_DATA SECTION:_

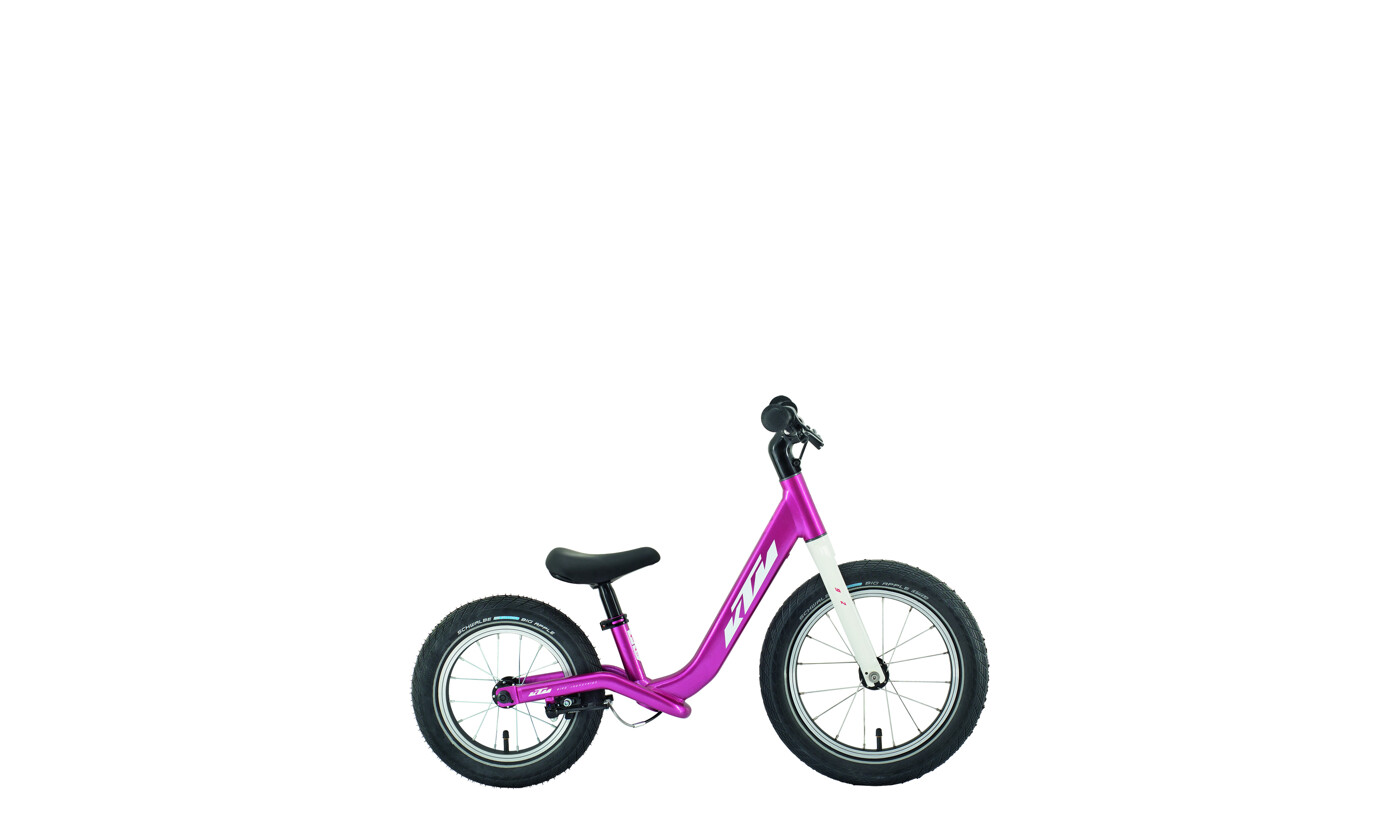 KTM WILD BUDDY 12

---

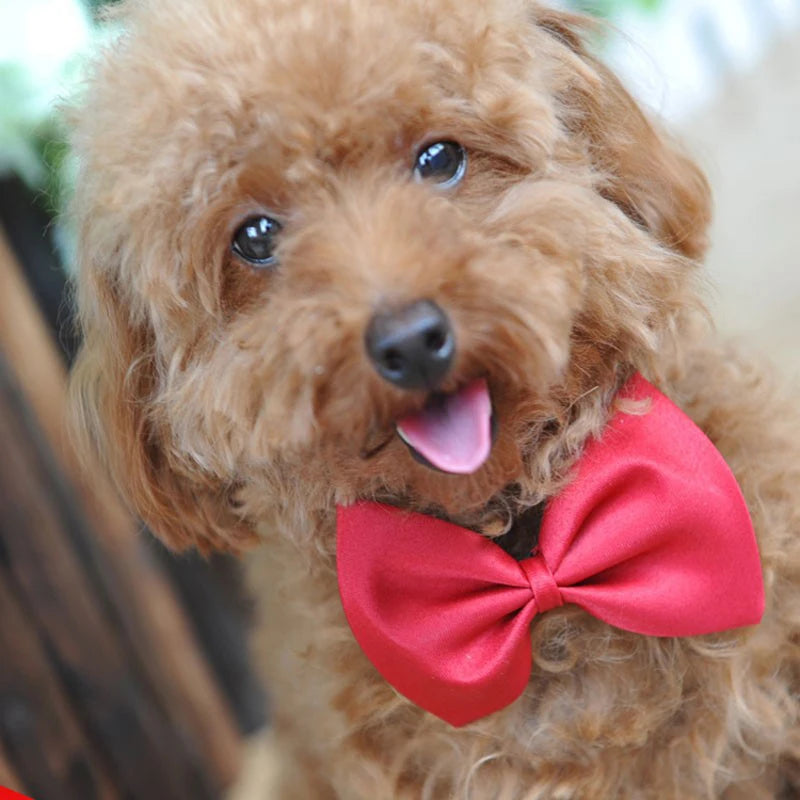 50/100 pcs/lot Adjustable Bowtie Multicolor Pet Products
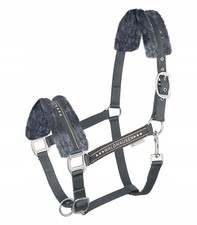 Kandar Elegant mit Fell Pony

...

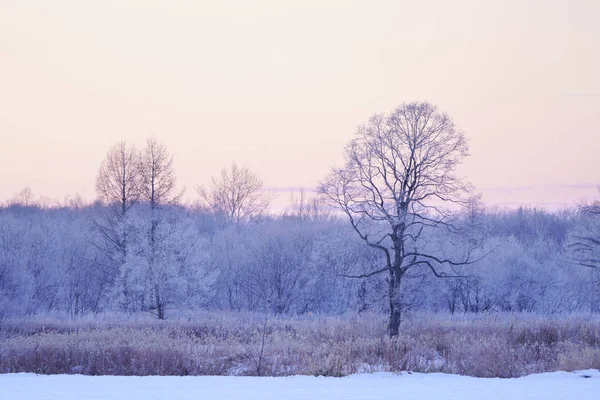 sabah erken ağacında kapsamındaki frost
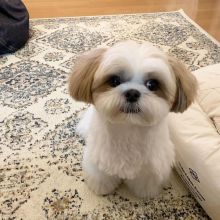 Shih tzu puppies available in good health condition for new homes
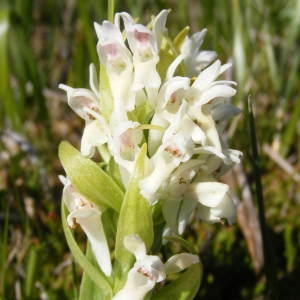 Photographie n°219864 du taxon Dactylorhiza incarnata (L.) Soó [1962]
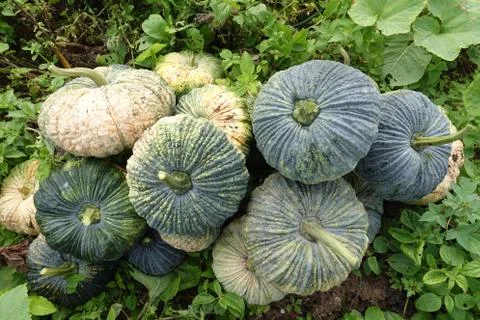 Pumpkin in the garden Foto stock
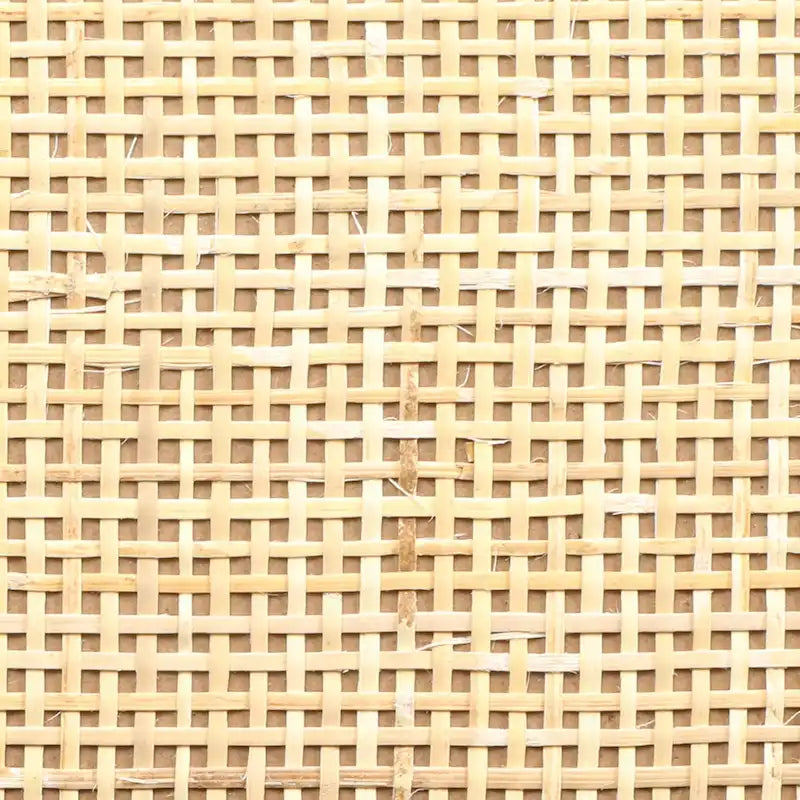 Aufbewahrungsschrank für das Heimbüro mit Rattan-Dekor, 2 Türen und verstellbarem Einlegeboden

_TASK BRIEF:_ Look above for the line with "sabah erken ağacında kapsamındaki frost", then print it and each line after it down to and including the line with "Aufbewahrungsschrank für das". Leave out the pictures and keep the wording exact.

_YOUR RESPONSE:_
 sabah erken ağacında kapsamındaki frost
 Shih tzu puppies available in good health condition for new homes
 Photographie n°219864 du taxon Dactylorhiza incarnata (L.) Soó [1962]
 Pumpkin in the garden Foto stock
 Aufbewahrungsschrank für das Heimbüro mit Rattan-Dekor, 2 Türen und verstellbarem Einlegeboden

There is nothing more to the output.